What this task involves:
Your output must be the lines below from the line containing "Dosierlöffel PP orange" to the line containing "Addoony Better Together", both lines included, reproduced exactly and without pictures.

*** Data records ***

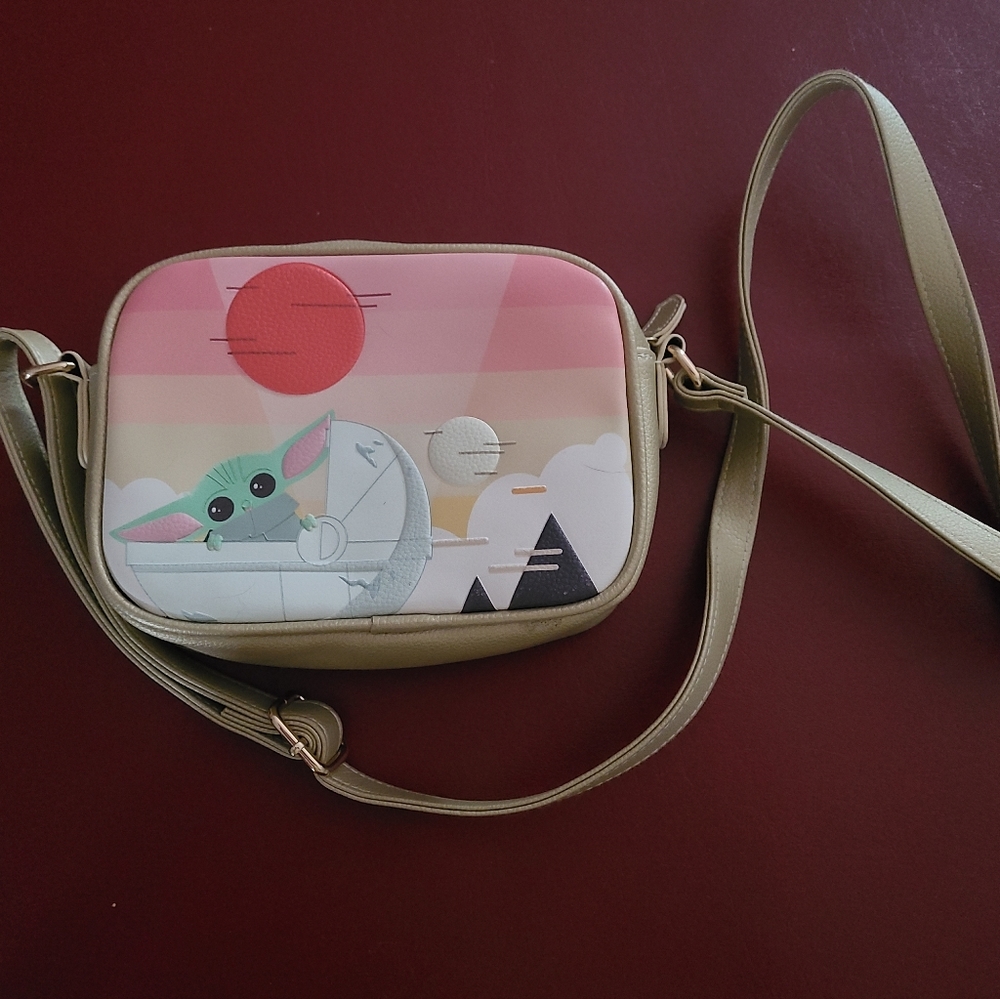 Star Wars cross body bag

*** End of Data records ***
*** Data records ***

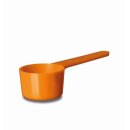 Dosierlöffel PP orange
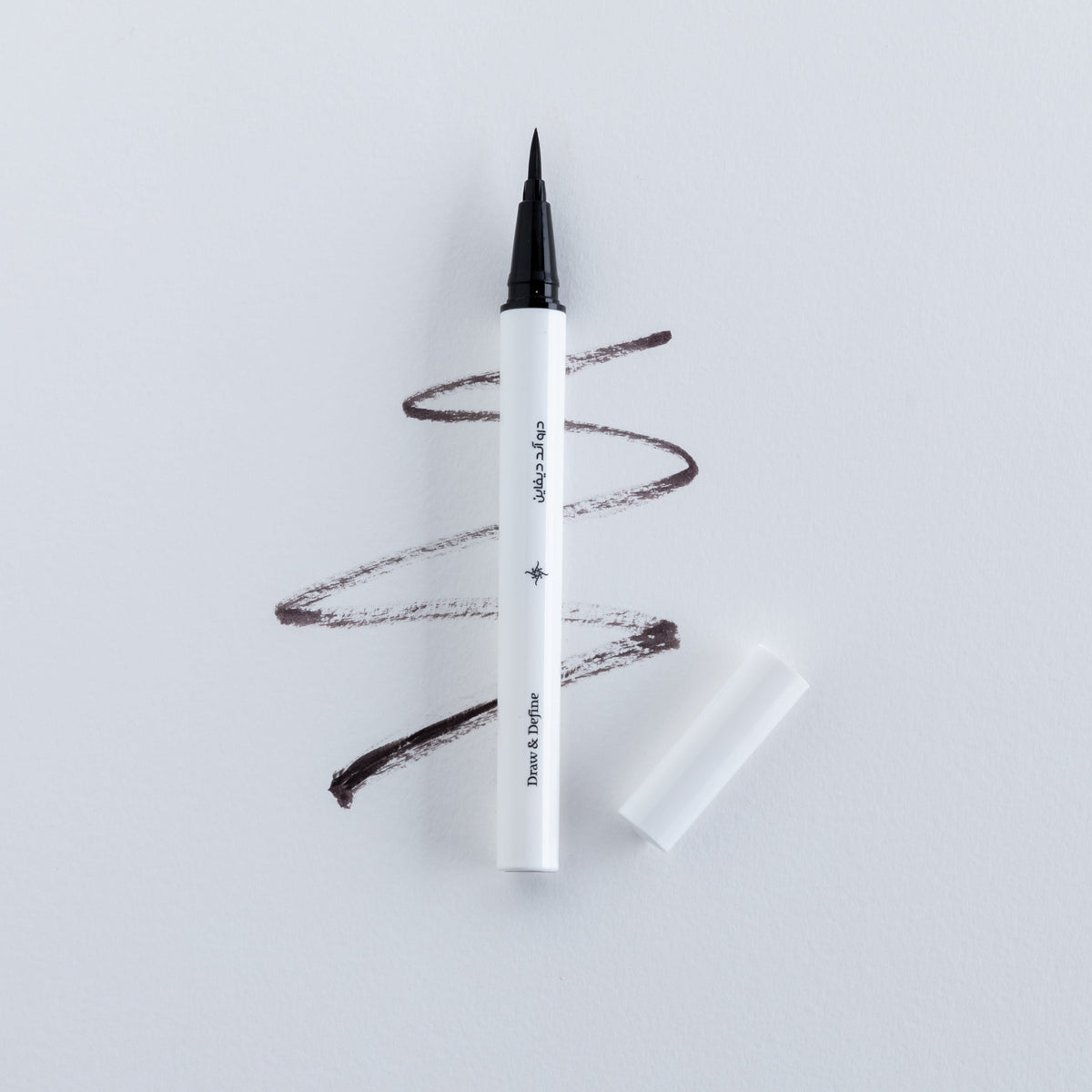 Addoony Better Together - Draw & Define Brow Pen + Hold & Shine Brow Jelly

*** End of Data records ***
*** Data records ***

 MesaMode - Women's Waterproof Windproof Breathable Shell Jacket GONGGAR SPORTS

*** End of Data records ***

Task solution:
 Dosierlöffel PP orange
 Addoony Better Together - Draw & Define Brow Pen + Hold & Shine Brow Jelly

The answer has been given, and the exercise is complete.